The Pinoy’s Tinikling is a dance performed in the season of harvest, the completion of a crop cycle. Based on an old Malay observation, birds were seen to fly through swaying bamboo poles even in the fierce winds. They then promoted a lifestyle of graciously dancing in the midst of the chaos of life. Malays around the world have shown versatility in weathering the social storms of life by gingerly stepping lightly but decidedly between the slapping bamboos of human existence.
Ancient India developed four âshramas, or “stages of life.” The first is that of the student, the adventuring learner. Next comes the established householder, followed by the creatively wild, liberated but detached non-village resident dweller. Finally, one turns into a walking dead, a wandering sage. Each stage is approached as a lifetime with its own rites of completions and passages into the next stage. Life is lived playfully sober, and/or somberly playful.
Completions of life is never easy, more so when it comes suddenly and in the prime of life. The loss of David is surely my daughter’s deep grief. Pope John Paul’s demise entails grief among the massive faithful but accompanied for sure by a loud sigh of relief from pain for the admired pontiff.

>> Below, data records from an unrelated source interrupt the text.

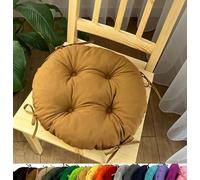 Olenka Coussin de chaise ø 35 x 8 cm coussins pour assise décoration maison jardin coussin idéal pour intérieur et extérieur (chameau)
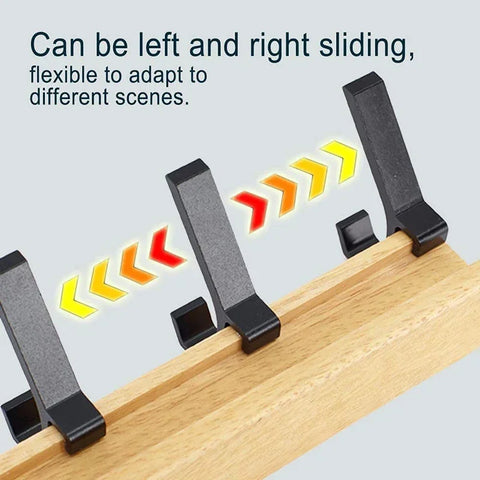 Coat rack hooks fold left and right to sit flat against the wall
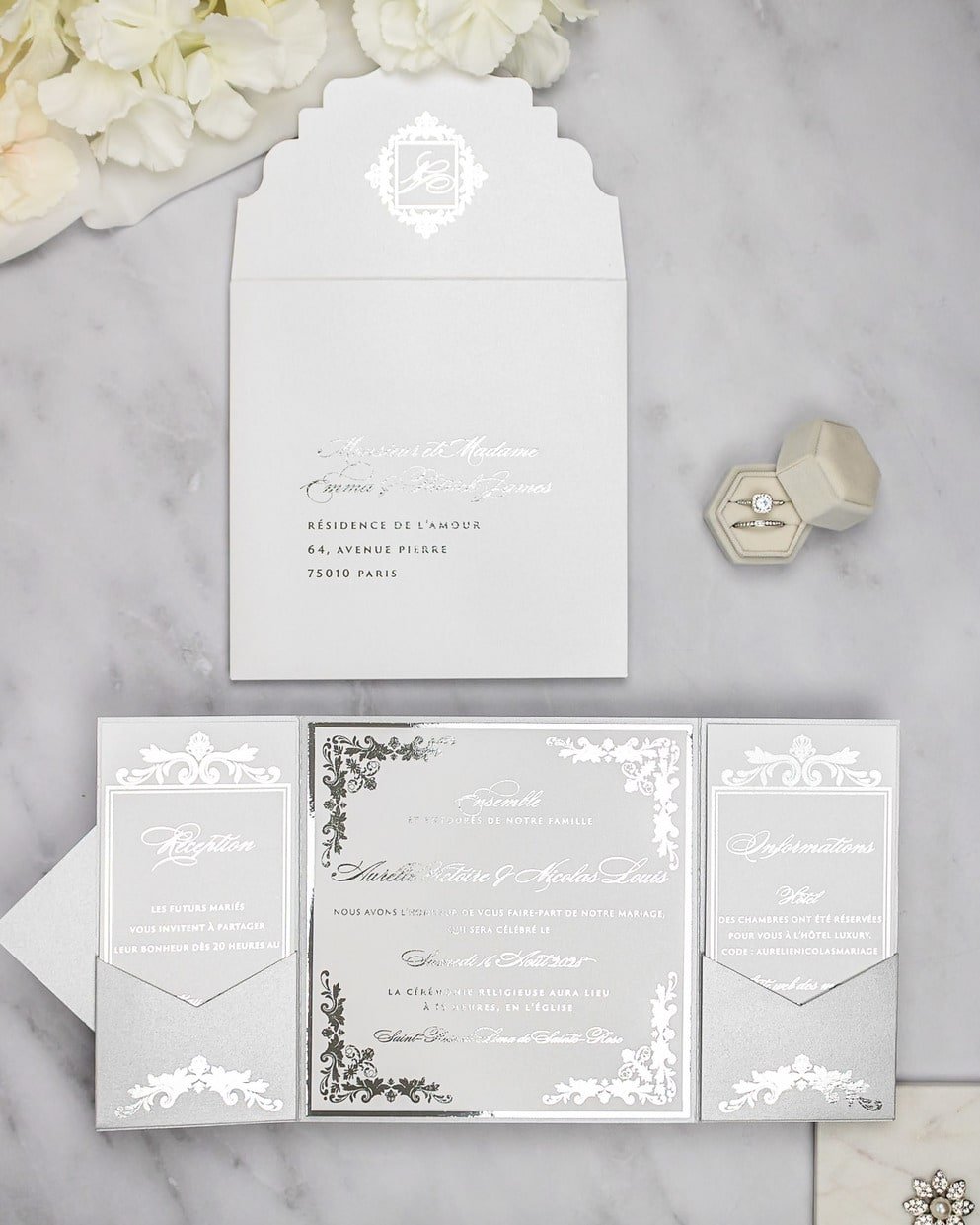 "Amber" - Faire-part de mariage luxueux, chic et élégant avec dorure argent – Wedding stationery - Création Luxe Carterie Studio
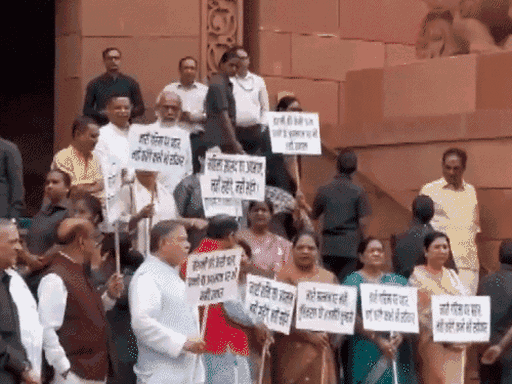 On Monday, NDA MPs demonstrated against Maulana in the Parliament complex.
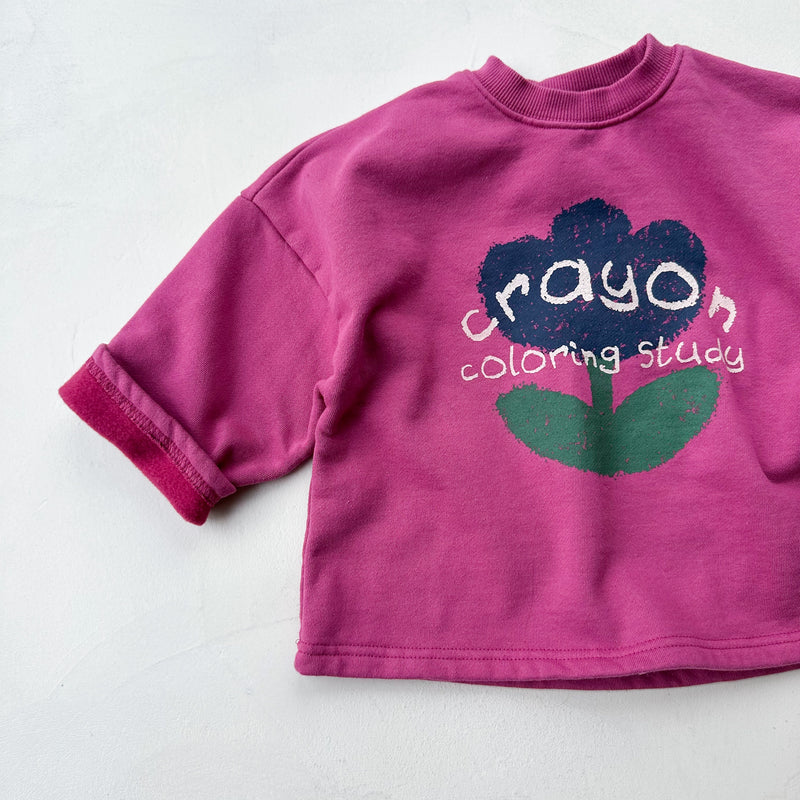 Wide sleeve tulip sweatshirt - Berry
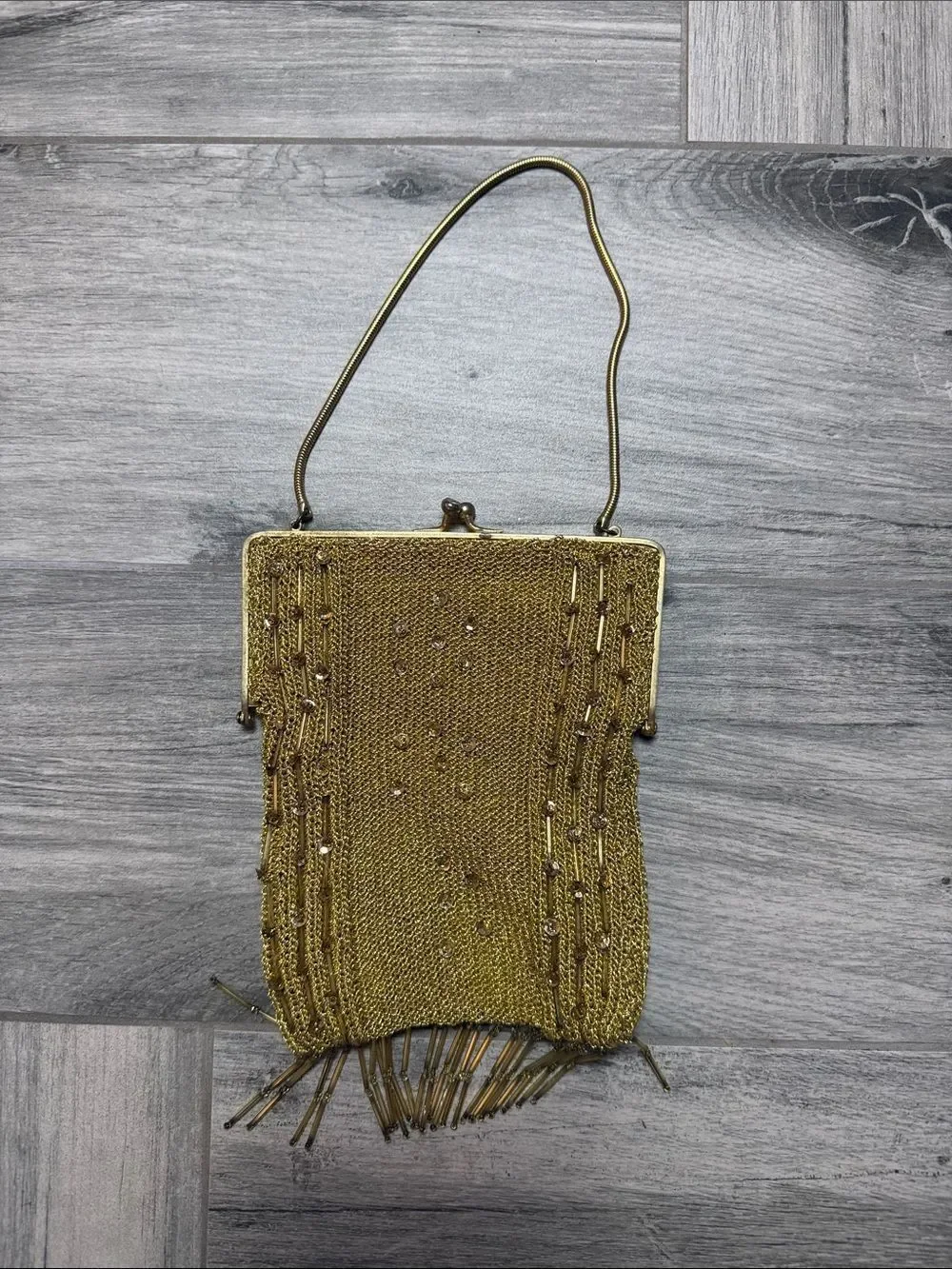 Vintage Gold Beaded Evening Bag with Fringe and Diamond Accented Snap Closure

The late Reverend Father Gary Bradley, SJ, burdened by diabetes, collapsed at the altar of Saipan’s Kristo Rai Catholic Church just after invoking the triune blessings. Close friends conceded that he could not have chosen a better way to go. In his conversations, he was known to decry the fact that in Saipan, we barely care for someone’s life until s/he dies, in which case, “we are lavish in our praises and exorbitant in our novena feasts.” Father Gary’s flair for the dramatic was in this life, not later.
As David’s life flashed before his eyes, it is conceivable that he would have declared of his life: “Wow! What a ride it was!!!” Sans Zorba’s madness, we are but simpletons waiting for a ride that will not come. The theological acuity of Father Bradley, Pope John Paul and my Dad would have made them lucid about one thing—each individual’s life is one, unique, unrepeatable gift in human history, of which there has not been anything like it before, and there will never be another one like it ever again. Life’s choice is clear: Let it pass by while longing for something else elsewhere, a better one later, or be the Lord of the Dance in the here and now. In the latter lies the madness of April’s fools.
The pharaohs of Egypt prepared for the afterlife, and the tomb of Qin Shi Hungdi included provisions for needs beyond the burial grounds. These are now archaeologists‚ artifacts. The Mayas worried about the otherworld. Castañeda’s Don Juan dabbles in mescaline-induced states of the otherworld in the midst of this world. Egyptian Coptics ceded to medieval Christianity what would become Dante’s vision of Heaven and Hell. The cosmology of Medieval and Evangelical Christianity resides in this realm. A pity. So much life is wasted in the waiting room!
There is a notion of eternity that is not about perpetuity in time, but about the quality of spatial existence. The living and the completion of one’s life in the here and now is irretrievably consigned into the annals of history. It can not be changed or altered. At completion, that permanence is final. Living theologians refer to this as the Eternal Now. In this vein, I celebrate David’s life, make peace with my Dad and Mom’s, remember Father Gary’s, and commemorate the wild ride of the Pontiff’s mitered reign in the seat of Peter. The Fools of April abide with you.
Strictly a personal view. Vergara writes a weekly column for the Saipan Tribune.